*Exercise brief*
Copy word for word, please, the lines of the entries below running from the one containing "Avery Double Column" to the one containing "Nineteenth century Anglo", both ends included.

*Data*
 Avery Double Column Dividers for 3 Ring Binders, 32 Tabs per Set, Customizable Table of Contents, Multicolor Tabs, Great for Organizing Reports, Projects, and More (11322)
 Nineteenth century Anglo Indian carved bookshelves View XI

==

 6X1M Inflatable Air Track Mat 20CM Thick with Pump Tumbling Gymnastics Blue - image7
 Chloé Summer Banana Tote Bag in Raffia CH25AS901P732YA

*Solution*
 Avery Double Column Dividers for 3 Ring Binders, 32 Tabs per Set, Customizable Table of Contents, Multicolor Tabs, Great for Organizing Reports, Projects, and More (11322)
 Nineteenth century Anglo Indian carved bookshelves View XI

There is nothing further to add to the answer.